Attribuisce ai vaccini le varianti

GP

Matteo Salvini è aduso ad alzare i toni dello scontro politico, anche se spesso e non volentieri finisce per incassare sconfitte. Non è il primo e non sarà l’ultimo, purtroppo, che affiderà il proprio messaggio politico alla ricerca “di un nemico al giorno”. In materia ha avuto un predecessore convinto in Donald Trump.

L’ultima perla del Segretario leghista l’affermazione che sono i vaccini a provocare le varianti. Cos’ha detto esattamente, ecco: “Il problema non sono i non vaccinati, ma il virus che varia. Le variazioni nascono come reazione ai vaccini. In Israele sono tutti vaccinati e il virus sta girando tra migliaia di persone. Io invito, non obbligo tutti a vaccinarsi, ma servono i tamponi, gratuiti per chi non se lo può permettere”.

Dura la reazione dei partiti della maggioranza, capofila il Pd. Matteo Ricci, sindaco di Pesaro e coordinatore dei sindaci dem che così si esprime: “Salvini è totalmente irresponsabile. Non si può parlare a vanvera contro ogni evidenza scientifica. La sua presenza al Governo sta frenando l’azione virtuosa di Draghi. La Lega sta facendo opposizione no vax, esca dal Governo, non è compatibile con Draghi“. 

Ma non è solo il mondo politico a reagire, ma è affiancato dal mondo scientifico inorridito dalla dichiarazione. Il virologo Roberto Burioni, ad esempio, posta su Twitter la frase di Salvini e commenta: “Voi capite perché sono scoraggiato?”.

Salvini certamente non sta attraversando un bel momento. A dargli le maggiori preoccupazioni è Georgia Meloni ed i suoi Fratelli d’Italia. Prima delle ferie agostane Lega e FdI nei sondaggi erano affiancati con un lievissimo vantaggio di un decimale per la Meloni. L’estate ha consolidato quel vantaggio di un intero punto ed ora è innegabile che il sorpasso sia avvenuto.

A peggiorare l’umore di Salvini i governatori leghisti delle regioni del nord favorevoli all’estensione del green pass. A costoro, giustamente, di raggranellare due consensi nei no-vax non importa assolutamente. I governatori rispondono direttamente al territorio della gestione della sanità e la lotta al Coronavirus è una priorità. Estensione del green pass e conseguente impulso dell’obbligo vaccinale sono gli unici sistemi ad oggi noti per conseguire qualche successo.

Salvini ovviamente nega qualsiasi divisione nel partito del Carroccio, ma la divisione tra governisti e movimentisti è sempre più accentuata.

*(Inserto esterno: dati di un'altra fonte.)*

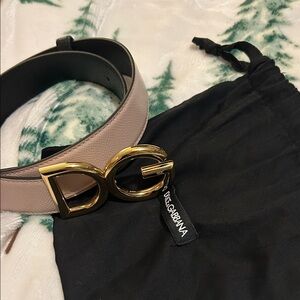 Dolce & Gabbana Blush Belt with Gold DG Buckle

Così il giorno dopo della votazione alla Camera sul green pass, che ha visto due terzi dei deputi leghisti assenti al momento del voto, Luca Zaia si esprime così: “A livello nazionale c’è stata l’approvazione di ulteriori misure di estensione del Green pass e penso che vadano nella direzione di sostenere la campagna vaccinale”. Poi a proposito della  l’europarlamentare leghista, Francesca Donato, che aveva irriso i familiari di un medico morto di Covid, Zaia è lapidario: “C’è un proverbio in veneto adatto a chi parla e poi si scusa: “prima de parlar, tasi”, ovvero prima di aprire la bocca pensaci, o stai zitto, ovvero prima di aprire la bocca pensaci”. Anche Attilio Fontana a proposito del green pass ha affermato: ” strumento di libertà, non di oppressione“. Dal governatore del Friuli stessa linea: “l’estensione dell’obbligo del Green pass è utile per permettere di proseguire le attività“.

Salvini può ironizzare fin che crede sulla spaccatura nella lega: “Questa delle due Leghe è una fantasia che va bene per Topolino. Noi portiamo a casa i risultati: la nostra discussione sui green pass ha spinto tutto il governo a darci ragione sui tamponi salivari, sui tamponi gratis per chi è in condizioni di necessità di famiglie con figli”.

Resta il fatto che i governatori la pensano diversamente e che la spaccatura c’è ed è sotto gli occhi di tutti. In politica non trova posto la parola gratitudine. I meriti di Salvini di aver portato il Partito a primo del Paese nei sondaggi ormai sembra passato remoto, conta solo oggi ed oggi non lo è più.